WHAT YOU HAVE TO DO
Reproduce only the lines of the material below that start at the line containing "200 Longfellow Ln, Columbia, MO 65203" and stop at the line containing "切片韓國梨放入野餐餐盒，果肉細緻多汁-大合照". Keep both end lines.

━━━━━ RECORDS SHOWN

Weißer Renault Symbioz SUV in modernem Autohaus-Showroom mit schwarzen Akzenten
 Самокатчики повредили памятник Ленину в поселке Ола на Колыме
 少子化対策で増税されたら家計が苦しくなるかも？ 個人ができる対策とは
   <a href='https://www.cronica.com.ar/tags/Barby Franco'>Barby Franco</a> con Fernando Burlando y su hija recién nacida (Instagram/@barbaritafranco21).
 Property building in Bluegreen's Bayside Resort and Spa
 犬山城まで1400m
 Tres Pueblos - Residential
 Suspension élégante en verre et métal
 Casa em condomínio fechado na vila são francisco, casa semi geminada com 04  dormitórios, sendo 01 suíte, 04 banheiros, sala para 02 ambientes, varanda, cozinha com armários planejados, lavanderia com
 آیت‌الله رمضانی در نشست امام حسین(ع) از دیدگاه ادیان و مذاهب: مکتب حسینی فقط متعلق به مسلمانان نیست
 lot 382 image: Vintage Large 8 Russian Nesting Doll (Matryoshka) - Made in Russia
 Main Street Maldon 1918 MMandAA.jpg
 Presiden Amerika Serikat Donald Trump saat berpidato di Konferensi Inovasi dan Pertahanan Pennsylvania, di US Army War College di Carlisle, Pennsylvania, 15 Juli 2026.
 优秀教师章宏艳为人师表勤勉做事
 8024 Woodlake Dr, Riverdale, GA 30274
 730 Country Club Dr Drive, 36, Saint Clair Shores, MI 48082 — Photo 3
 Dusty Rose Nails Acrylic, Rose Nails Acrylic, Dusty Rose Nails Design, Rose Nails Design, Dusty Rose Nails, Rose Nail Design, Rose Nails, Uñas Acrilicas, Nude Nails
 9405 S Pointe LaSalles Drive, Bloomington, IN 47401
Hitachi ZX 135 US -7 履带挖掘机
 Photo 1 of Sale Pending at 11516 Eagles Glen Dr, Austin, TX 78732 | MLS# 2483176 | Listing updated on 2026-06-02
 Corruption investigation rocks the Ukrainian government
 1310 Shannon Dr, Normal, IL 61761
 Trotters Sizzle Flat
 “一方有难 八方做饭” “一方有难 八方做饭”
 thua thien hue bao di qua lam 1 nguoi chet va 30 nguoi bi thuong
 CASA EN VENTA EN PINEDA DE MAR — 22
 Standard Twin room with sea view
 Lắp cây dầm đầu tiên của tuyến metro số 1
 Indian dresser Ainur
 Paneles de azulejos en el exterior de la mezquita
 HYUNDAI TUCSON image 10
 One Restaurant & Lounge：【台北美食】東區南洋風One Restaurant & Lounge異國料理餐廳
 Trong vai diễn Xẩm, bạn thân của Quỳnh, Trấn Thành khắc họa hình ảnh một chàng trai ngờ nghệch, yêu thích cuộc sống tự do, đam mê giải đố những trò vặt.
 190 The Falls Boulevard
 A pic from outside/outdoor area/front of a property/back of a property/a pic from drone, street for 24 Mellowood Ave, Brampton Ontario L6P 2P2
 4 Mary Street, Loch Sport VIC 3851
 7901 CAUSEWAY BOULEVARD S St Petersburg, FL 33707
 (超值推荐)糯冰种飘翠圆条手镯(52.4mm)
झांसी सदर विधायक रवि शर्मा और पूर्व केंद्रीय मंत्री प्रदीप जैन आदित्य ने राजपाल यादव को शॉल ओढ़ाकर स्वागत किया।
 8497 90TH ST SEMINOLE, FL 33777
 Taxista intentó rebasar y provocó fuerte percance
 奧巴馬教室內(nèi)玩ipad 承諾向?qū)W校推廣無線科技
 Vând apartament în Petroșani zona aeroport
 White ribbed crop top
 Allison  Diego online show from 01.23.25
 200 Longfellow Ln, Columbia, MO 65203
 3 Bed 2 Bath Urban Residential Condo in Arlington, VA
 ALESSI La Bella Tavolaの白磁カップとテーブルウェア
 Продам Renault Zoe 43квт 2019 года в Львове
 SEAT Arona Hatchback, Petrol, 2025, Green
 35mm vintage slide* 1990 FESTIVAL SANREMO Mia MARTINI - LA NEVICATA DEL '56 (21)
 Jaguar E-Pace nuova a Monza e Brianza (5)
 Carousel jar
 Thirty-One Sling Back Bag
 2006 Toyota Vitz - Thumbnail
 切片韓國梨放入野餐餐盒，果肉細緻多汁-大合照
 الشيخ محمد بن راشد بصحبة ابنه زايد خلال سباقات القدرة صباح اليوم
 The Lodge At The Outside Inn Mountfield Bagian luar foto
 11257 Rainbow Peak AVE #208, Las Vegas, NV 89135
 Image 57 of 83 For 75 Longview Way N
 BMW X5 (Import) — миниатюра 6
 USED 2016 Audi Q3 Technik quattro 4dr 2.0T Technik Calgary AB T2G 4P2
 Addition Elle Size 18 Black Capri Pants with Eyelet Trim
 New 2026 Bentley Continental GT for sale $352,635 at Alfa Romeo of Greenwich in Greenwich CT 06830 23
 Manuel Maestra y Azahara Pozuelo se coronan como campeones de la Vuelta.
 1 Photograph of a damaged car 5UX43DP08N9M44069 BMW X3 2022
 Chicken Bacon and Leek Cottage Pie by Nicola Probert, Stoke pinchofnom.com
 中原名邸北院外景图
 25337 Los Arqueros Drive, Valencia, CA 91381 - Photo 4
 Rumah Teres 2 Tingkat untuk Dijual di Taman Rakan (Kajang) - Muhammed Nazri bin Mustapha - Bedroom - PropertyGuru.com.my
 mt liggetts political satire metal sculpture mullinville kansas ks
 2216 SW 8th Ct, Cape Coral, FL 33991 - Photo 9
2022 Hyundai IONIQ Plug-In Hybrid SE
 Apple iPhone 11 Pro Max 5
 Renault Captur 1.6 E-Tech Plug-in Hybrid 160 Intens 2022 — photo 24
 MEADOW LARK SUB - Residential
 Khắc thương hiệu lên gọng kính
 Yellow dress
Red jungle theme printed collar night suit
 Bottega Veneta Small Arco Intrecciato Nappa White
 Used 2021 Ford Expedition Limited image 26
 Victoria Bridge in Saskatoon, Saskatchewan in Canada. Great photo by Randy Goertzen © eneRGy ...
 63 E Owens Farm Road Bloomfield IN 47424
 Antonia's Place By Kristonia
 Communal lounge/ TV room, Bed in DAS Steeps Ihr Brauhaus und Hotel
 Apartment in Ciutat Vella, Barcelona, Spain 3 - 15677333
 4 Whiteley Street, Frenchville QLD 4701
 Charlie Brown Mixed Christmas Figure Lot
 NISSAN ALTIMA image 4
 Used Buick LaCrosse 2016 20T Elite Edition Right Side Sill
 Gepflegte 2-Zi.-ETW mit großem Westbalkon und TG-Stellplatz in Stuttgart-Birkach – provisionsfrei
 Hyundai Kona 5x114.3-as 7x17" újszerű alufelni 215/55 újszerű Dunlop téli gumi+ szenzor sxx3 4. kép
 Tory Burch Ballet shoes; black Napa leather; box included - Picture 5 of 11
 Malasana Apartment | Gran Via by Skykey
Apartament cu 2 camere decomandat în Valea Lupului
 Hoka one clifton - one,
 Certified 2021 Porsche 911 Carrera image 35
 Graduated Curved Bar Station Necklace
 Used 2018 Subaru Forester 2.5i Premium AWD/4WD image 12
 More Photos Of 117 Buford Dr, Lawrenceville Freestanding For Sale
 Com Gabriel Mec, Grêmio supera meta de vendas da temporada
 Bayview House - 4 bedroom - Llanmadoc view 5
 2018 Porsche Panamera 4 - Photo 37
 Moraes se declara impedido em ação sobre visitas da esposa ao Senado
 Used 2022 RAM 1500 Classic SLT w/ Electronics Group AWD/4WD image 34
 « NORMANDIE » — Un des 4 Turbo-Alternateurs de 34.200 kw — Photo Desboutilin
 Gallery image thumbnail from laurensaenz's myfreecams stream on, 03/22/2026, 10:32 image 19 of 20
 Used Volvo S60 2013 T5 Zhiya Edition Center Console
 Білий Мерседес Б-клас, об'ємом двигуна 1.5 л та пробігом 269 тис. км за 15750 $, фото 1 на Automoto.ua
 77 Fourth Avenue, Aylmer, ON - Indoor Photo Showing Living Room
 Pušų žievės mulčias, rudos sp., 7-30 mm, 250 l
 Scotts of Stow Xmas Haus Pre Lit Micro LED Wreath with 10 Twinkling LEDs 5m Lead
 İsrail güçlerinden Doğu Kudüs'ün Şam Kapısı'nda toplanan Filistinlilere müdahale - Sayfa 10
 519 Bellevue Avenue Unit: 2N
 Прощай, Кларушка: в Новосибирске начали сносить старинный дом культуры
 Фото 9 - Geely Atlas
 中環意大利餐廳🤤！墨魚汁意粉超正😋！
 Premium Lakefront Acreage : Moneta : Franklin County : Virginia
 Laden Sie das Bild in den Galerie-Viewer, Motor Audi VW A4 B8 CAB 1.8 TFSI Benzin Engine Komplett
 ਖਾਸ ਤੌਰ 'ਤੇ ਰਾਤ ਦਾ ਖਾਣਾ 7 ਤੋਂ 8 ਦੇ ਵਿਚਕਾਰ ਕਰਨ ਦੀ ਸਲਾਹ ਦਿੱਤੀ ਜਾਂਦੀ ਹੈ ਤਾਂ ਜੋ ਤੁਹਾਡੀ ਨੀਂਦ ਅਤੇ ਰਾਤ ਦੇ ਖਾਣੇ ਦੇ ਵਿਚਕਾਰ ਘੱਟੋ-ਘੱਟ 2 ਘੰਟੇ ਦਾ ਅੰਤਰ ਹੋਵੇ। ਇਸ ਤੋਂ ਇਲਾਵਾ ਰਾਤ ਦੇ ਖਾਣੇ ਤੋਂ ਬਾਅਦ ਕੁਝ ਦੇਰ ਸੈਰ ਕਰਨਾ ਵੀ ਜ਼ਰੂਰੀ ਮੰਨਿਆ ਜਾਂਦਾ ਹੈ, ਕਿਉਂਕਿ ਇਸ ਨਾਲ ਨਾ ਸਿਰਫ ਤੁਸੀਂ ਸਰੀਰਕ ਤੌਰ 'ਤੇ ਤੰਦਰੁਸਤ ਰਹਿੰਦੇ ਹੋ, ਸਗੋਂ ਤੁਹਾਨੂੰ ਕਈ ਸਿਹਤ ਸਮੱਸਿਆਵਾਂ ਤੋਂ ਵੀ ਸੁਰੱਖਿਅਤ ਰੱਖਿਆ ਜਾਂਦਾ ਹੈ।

━━━━━━━━━━

ANSWER TO THE PROBLEM
 200 Longfellow Ln, Columbia, MO 65203
 3 Bed 2 Bath Urban Residential Condo in Arlington, VA
 ALESSI La Bella Tavolaの白磁カップとテーブルウェア
 Продам Renault Zoe 43квт 2019 года в Львове
 SEAT Arona Hatchback, Petrol, 2025, Green
 35mm vintage slide* 1990 FESTIVAL SANREMO Mia MARTINI - LA NEVICATA DEL '56 (21)
 Jaguar E-Pace nuova a Monza e Brianza (5)
 Carousel jar
 Thirty-One Sling Back Bag
 2006 Toyota Vitz - Thumbnail
 切片韓國梨放入野餐餐盒，果肉細緻多汁-大合照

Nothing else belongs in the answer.